In his report, Dr. Friedman provides in relevant part:

It was a serious error and negligent to fail to ask the question 'why did not the treatment restore his hearing and balance?', then analyze the answer and act thereon. Had that been done, the appropriate diagnosis of "brain attack" or "stroke" would have been made, and appropriate treatment, i.e. administration of a blood thinner would have been initiated, limiting the effect of the stroke. . . . Mr. Sutton's decline and death was a result of that failure to diagnose and treat.

The standard of care breached is: That which an ordinarily prudent health care provider (in this case, a general practitioner) would do under the same or similar circumstances. Such a physician would, under the circumstances, have made a proper diagnosis after further examination following the failure of the initial treatment (ear cleaning).



As required by Palacios, we must focus our analysis only on the information contained in the four corners of the report. Although it discusses what a general practitioner would do under the same or similar circumstances, it does not address the causal relationship between the alleged "serious error" in not questioning why Sutton's hearing and balance were not restored after his ears were cleaned and his death. Also, the report does not discuss any tests or procedures that should have been performed by an ordinarily prudent general practitioner on a patient with Sutton's symptoms. No connection is provided between Dr. Collums's failure to diagnose and treat stroke symptoms and Dr. Friedman's conclusory statement that the alleged failure resulted in Sutton's death. Based on the information provided in the report, we cannot conclude the trial court abused its discretion in dismissing the heirs' cause of action. The heirs' sole issue is overruled.

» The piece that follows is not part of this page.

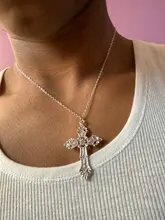 Collar de cadena con dije de Cruz para hombres y mujeres, Gargantilla gruesa, regalo de joyería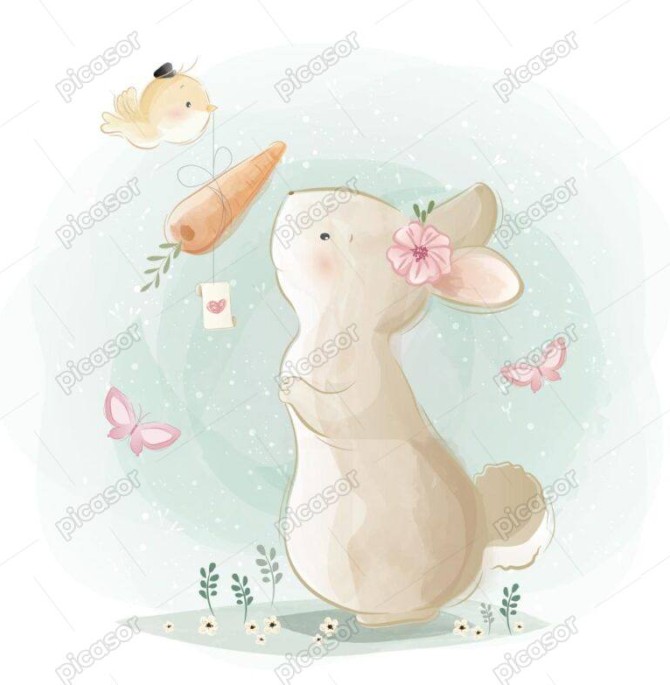 وکتور نقاشی خرگوش و هویج و پرنده - وکتور تصویرسازی نقاشی آبرنگی کودکانه از پرنده در حال آوردن هویج برای خرگوش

Accordingly, the judgment of the trial court is affirmed.

Don H. Reavis

Justice

1. Repealed by Act of June 2, 2003, 78th Leg., R.S., ch. 204, § 10.09, 2003 Tex. Sess. Law Serv., current version at Tex. Civ. Prac. & Rem. Code Ann. § 74.001 - 74.507 (Vernon Pamph. Supp. 2004). All citations to the Act herein are to article 4590i of the Texas Revised Civil Practice and Remedies Code that was in effect at the time of the underlying suit.